(THE INPUT):
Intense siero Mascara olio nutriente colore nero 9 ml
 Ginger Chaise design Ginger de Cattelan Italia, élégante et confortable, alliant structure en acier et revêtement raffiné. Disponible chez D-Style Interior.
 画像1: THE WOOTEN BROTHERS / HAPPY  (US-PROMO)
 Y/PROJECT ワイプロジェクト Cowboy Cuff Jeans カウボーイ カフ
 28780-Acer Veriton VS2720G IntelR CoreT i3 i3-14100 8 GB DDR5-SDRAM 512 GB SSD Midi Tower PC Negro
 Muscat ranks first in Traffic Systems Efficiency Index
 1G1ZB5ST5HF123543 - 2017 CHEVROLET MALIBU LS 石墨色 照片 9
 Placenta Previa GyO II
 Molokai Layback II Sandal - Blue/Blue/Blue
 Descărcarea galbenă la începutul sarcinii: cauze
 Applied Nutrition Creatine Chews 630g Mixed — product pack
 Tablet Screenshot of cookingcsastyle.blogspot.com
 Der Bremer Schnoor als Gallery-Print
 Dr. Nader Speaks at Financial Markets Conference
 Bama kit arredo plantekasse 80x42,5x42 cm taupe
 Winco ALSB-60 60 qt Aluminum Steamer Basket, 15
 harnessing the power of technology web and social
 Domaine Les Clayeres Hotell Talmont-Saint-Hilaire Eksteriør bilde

(ASSIGNMENT): Which lines run from the one containing "Tablet Screenshot of" through the end of the material? Output them exactly.

(ANSWER):
 Tablet Screenshot of cookingcsastyle.blogspot.com
 Der Bremer Schnoor als Gallery-Print
 Dr. Nader Speaks at Financial Markets Conference
 Bama kit arredo plantekasse 80x42,5x42 cm taupe
 Winco ALSB-60 60 qt Aluminum Steamer Basket, 15
 harnessing the power of technology web and social
 Domaine Les Clayeres Hotell Talmont-Saint-Hilaire Eksteriør bilde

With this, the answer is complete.